In some Atlanta high schools, student grades are commonly changed from failing to passing after students complete extra assignments or "remediation" work, according to an Atlanta Public Schools internal analysis released Friday.
Superintendent Meria Carstarphen asked for the report this summer after an internal investigation into a principal at one South Atlanta high school who changed more than 100 student grades from failing to passing with scant justification at the close of the 2013-14 school year.
“This review did not identify additional cases of serious inappropriate actions, although we did find inconsistencies in practice, lack of clarity in process, and a lack of the necessary safeguards to effectively prevent inappropriate activity,” the report states.
Among the missing safeguards cited in report: Currently, all school staff have access to a feature of the district’s online gradebook that allows them to enter grades directly to a student’s transcript.
“This is a serious issue and virtually eliminates all controls over grade changing,” according to the report.
An Atlanta Journal-Constitution investigation published last month found that in recent years, district administrators monitored how many students failed classes and insisted on fewer F's.
But when more than 7,700 student grades were changed over the past three years, about a quarter of them from failing to passing, no one in the district’s central office checked that the changes were justified.
The APS report details the 2,134 grade changes made last year. About 50 percent involved changing a numeric grade to a higher grade. About 25 percent were letter grades changed to numeric grades.

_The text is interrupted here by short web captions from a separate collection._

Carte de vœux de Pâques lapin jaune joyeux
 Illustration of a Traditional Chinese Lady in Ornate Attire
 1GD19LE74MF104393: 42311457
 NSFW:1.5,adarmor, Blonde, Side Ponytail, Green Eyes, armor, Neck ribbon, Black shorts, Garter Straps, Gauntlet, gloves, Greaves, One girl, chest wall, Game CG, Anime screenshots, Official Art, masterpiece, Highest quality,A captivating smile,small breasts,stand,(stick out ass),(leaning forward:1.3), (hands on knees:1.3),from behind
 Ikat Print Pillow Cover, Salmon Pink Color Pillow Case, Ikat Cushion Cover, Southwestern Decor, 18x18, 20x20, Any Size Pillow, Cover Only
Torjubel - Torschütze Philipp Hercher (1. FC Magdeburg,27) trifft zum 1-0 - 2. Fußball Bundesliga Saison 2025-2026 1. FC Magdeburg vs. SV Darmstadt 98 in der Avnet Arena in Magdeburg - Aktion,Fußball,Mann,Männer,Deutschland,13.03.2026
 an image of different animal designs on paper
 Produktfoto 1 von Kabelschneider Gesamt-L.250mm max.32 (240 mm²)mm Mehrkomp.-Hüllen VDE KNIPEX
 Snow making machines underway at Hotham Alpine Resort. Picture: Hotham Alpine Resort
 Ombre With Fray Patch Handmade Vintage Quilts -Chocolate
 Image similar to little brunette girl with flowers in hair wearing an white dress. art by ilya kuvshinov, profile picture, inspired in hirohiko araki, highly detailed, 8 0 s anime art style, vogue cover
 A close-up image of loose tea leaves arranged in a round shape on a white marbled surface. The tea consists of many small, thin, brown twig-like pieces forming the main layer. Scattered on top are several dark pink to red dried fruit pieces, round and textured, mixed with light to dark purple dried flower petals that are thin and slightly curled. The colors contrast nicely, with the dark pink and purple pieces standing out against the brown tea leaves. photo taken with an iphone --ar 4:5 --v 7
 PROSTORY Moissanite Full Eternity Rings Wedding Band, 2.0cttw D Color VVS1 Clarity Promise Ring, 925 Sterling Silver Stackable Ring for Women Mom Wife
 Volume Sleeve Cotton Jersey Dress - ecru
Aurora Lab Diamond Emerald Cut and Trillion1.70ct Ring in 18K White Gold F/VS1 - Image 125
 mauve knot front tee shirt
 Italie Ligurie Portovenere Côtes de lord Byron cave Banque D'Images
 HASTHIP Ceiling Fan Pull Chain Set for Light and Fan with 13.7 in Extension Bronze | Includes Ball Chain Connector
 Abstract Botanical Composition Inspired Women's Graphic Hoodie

And another 25 percent involved lowering grades.
The report found that grade changes due to “remediation” work were most common at two schools—Douglass High School and South Atlanta School of Law and Social Justice, the school whose grade changes led to the district investigation.
“They had the largest number of cases where the use of remedial assignment, unit recovery, and mastery grading were employed to provide students additional time and opportunities to pass courses or improve low grades,” according to the report.
Records obtained by Channel 2 Action News under state public records laws show that in Atlanta high schools grades were sometimes changed months or years after the fact due to "remediation" work.
The school district will make changes to prevent future problems with grade changing, Carstarphen said in a statement posted online with the report late Friday evening.
“As always, I am committed to complete transparency,” she said in a written statement.